Like the old carpenter maxim "measure twice, cut once," if you've nailed down your strategy and key selling points, the whole process is bound to be smoother.
Next steps: develop a Creative Brief document and a realistic budget. The Creative Brief document (or Creative Strategy) identifies objectives, audience, key selling points, timing and other aspects of the project that are key to getting the project produced. And having a realistic budget that everyone agrees to before work begins means there will be fewer surprises later.
Finally, manage the process. Make sure one person is responsible for managing the deadlines and the process through to completion…getting approvals, production estimates from printers, web site programming, etc. A project without realistic deadlines (milestones) is destined to take longer than it should…and cost more than it was supposed to.

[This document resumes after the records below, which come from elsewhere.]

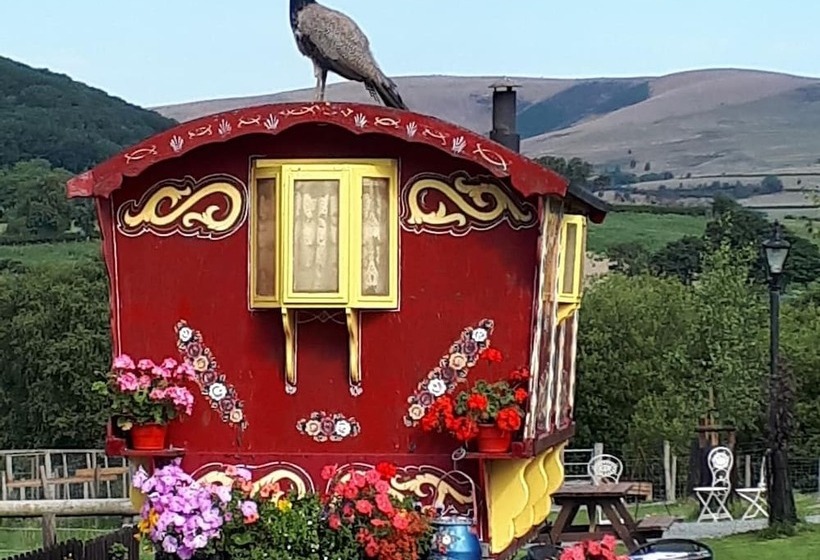 Rosie Traditional Gypsy Wagon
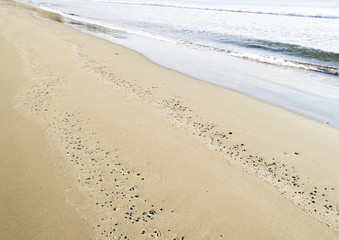 砂浜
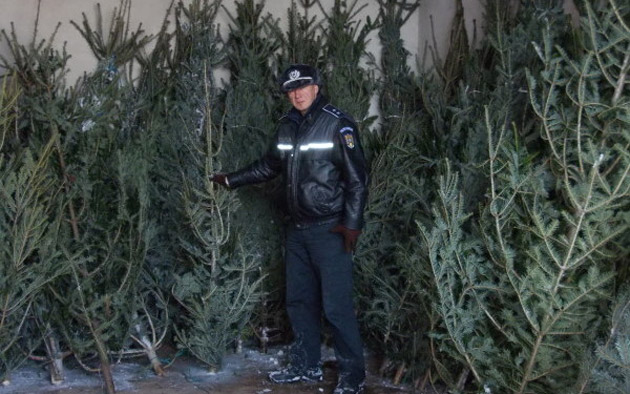 Poliţia declară RĂZBOI comerţului ILEGAL cu brazi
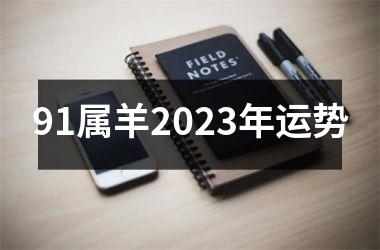 91属羊2025年运势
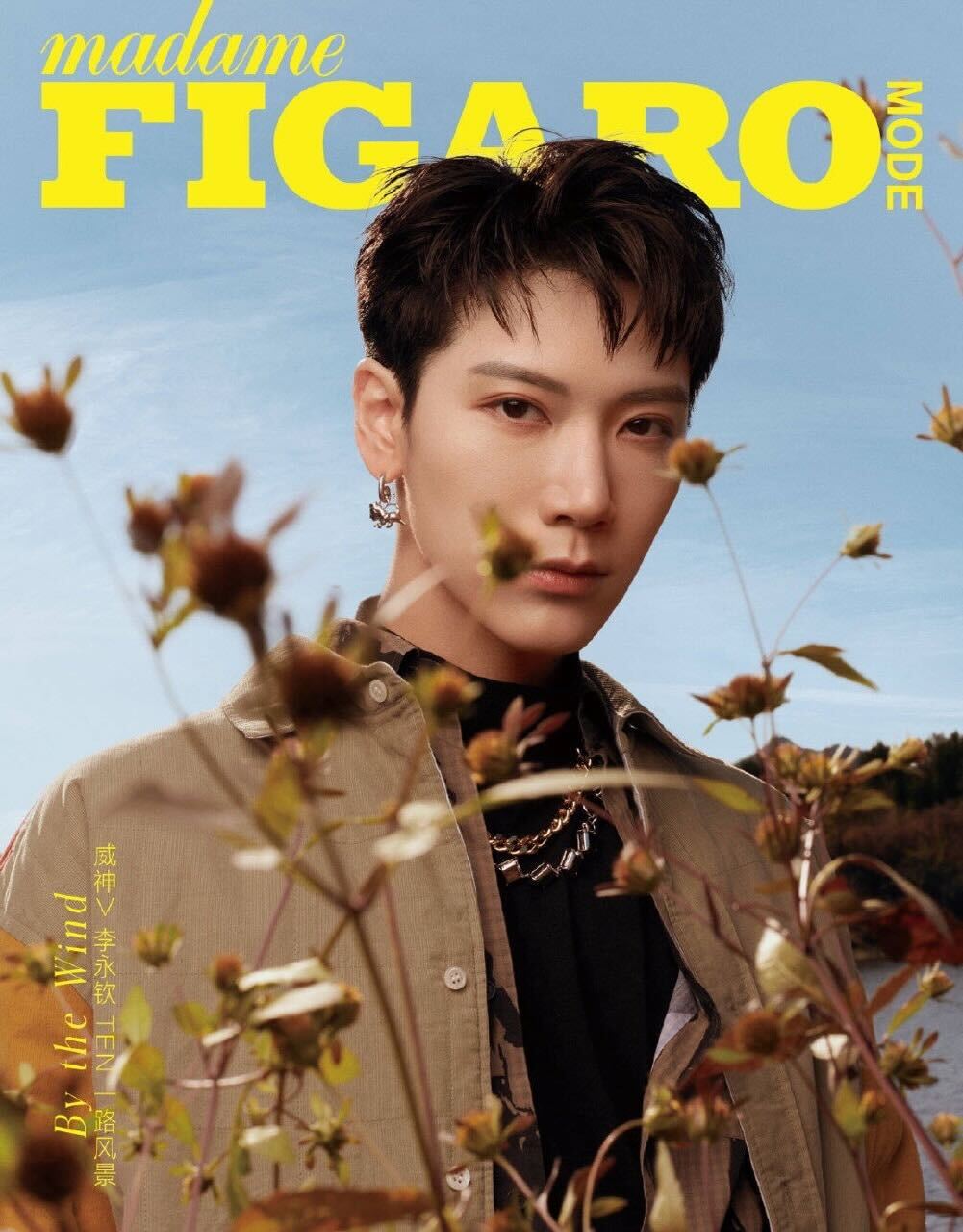 SuperM 雑誌 テン テヨン トレカ NCT WayV - K-POP/アジア SuperM 雑誌 テン テヨン トレカ NCT WayV - K-POP/アジア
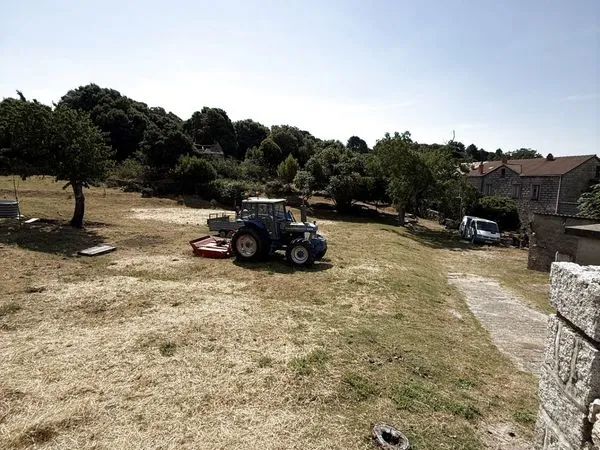 Terrain 781 m² Quenza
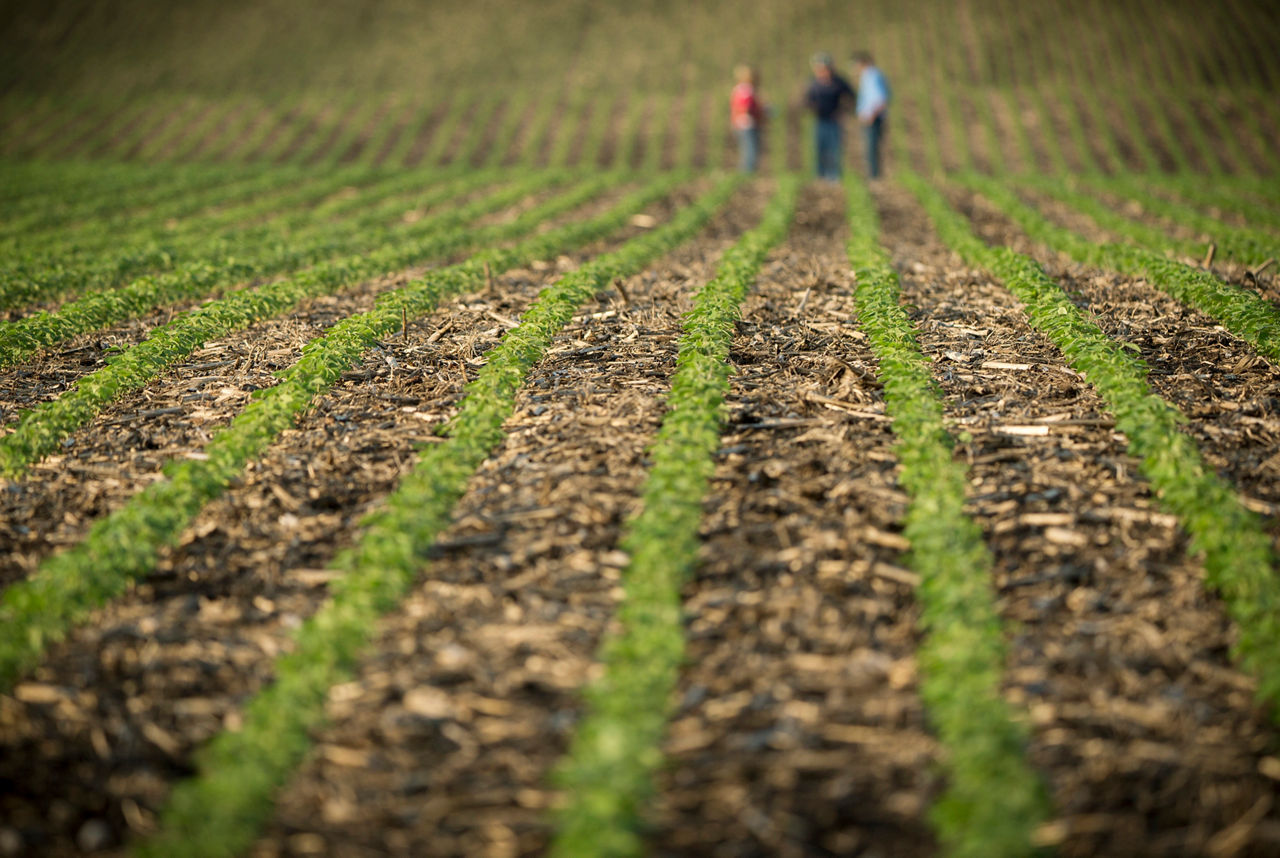 Emergence soybean field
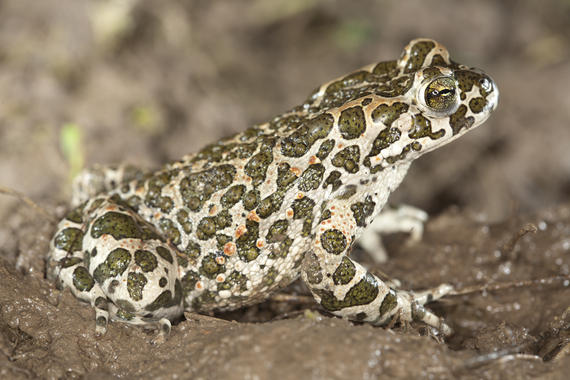 <p>El sapo verde (<em>Bufo viridis</em>) estuvo presente en la Península Ibérica durante el final del Pleistoceno inferior. Foto: F. Deshandol & Ph. Sabine.</p>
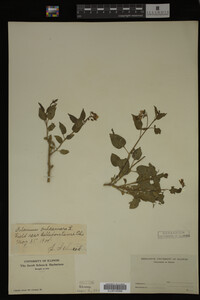 Solanum dulcamara image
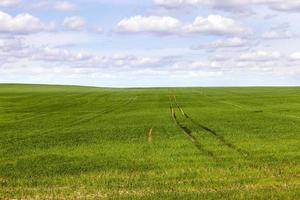 wheat green, field photo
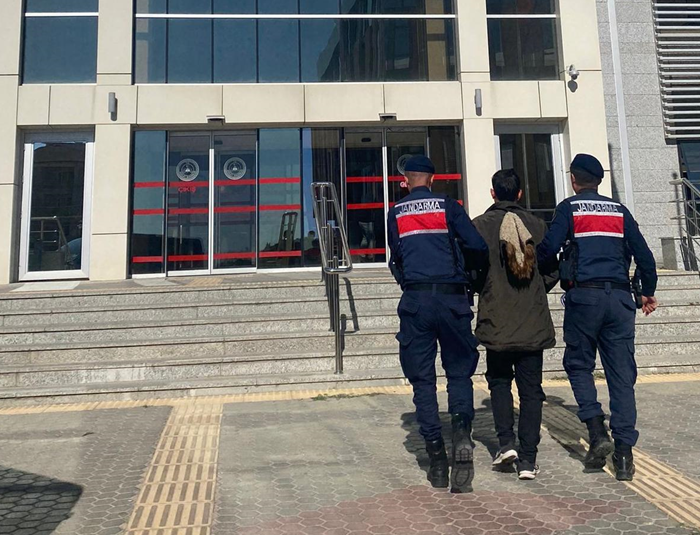 Jandarma Operasyonunda Terör Örgütü Üyeleri Yakalandı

Here's a sample of the kinds of issues that need to be addressed in the Creative Brief:
- Situation Analysis
- Competitive Analysis
- Target Market
- Communications Objective
- Key Facts
- Reasons Why
- Tone
And here are some of the typical milestones that need to be managed throughout the process…and assigning deadlines is a very important part of the process:
- Open a project
- Write Creative Brief
- Creative quote
- Develop concepts
- Production quotes
- Client OK (with rounds of revisions)
- Final art
- Client OK
- To production
- Review/approve proofs
- Production complete
- Deliver
- Review/Critique
- Close job and process invoices
Develop the Creative Brief and production milestones appropriate for your needs and see how much less time it takes.